At present, the website is a lightweight static site. If we add analytics, advertising pixels, live chat, catalogue-download tracking, hosted checkout, customer accounts or other tools involving cookies or similar technologies, we will assess whether cookie consent, preference management, updated notices or additional documentation is required. Essential technologies needed to load the site, secure the service or remember limited choices may be treated differently from advertising or analytics technologies, depending on applicable law.
If a third-party embedded service sets cookies or processes data, that provider may have its own role and notice. We do not intend to obscure material tracking or analytics activity through unclear wording. If tracking becomes materially more complex, this Policy should be updated, and additional consent, notice, preference or cookie-management mechanisms should be implemented where required by applicable law.
39. Retention when rights requests, chargebacks and legal claims overlap
GDPR rights requests sometimes arrive during an order, after delivery, during a refund review, while a chargeback is open, or when legal claims are threatened. In those situations, we may need to preserve data that would otherwise be deleted or restricted. The establishment, exercise or defence of legal claims is a recognised reason under GDPR concepts to retain data in appropriate circumstances. Payment disputes also require evidence. If a customer opens a chargeback and simultaneously asks us to erase the proof that the goods were approved and delivered, we may retain the relevant evidence to the extent permitted by law and necessary for the dispute.

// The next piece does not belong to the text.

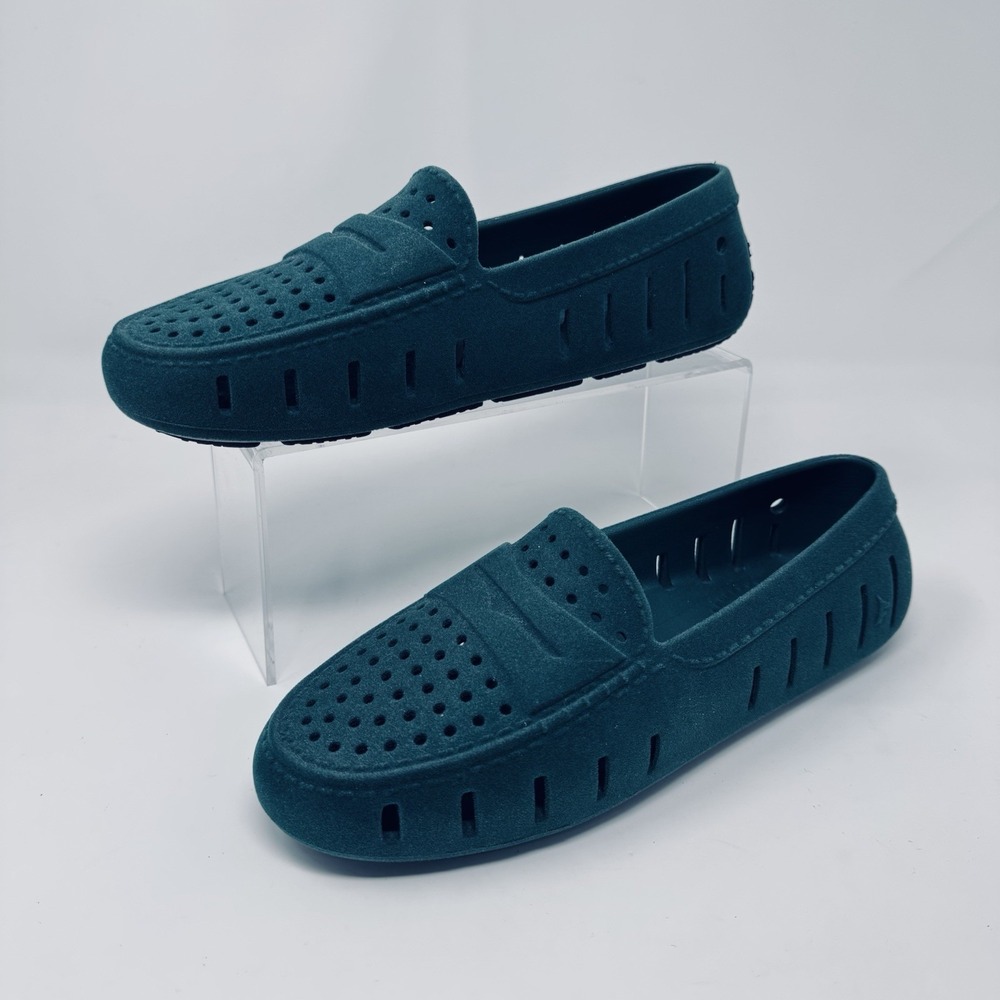 Floafers Posh 3.0 Driver Women 10 Emerald Vegan Suede Slip On Comfort Loafers - Picture 2 of 6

Where possible, we may separate data needed for legal or dispute purposes from data no longer needed for ordinary operations. We may restrict access, mark records as disputed, retain only necessary fields, redact third-party data, or preserve a record until the limitation period, dispute window, accounting period or processor review period expires. The result may be that deletion, restriction or erasure is partial, delayed or limited where lawful retention grounds continue to apply.
40. Final GDPR caveat written with maximal procedural solemnity
This GDPR annex is designed to be helpful, specific and processor-review friendly, but it is not legal advice to customers, recipients or suppliers. Customers operating in the EEA, United Kingdom or other regulated jurisdictions should obtain their own advice about their roles, notices, lawful bases, transfer tools, employee communications and procurement obligations. We can describe how we process data for corporate-gifting services, but each customer remains responsible for its own controller obligations, internal notices, employee communications, procurement approvals and lawful transfer decisions.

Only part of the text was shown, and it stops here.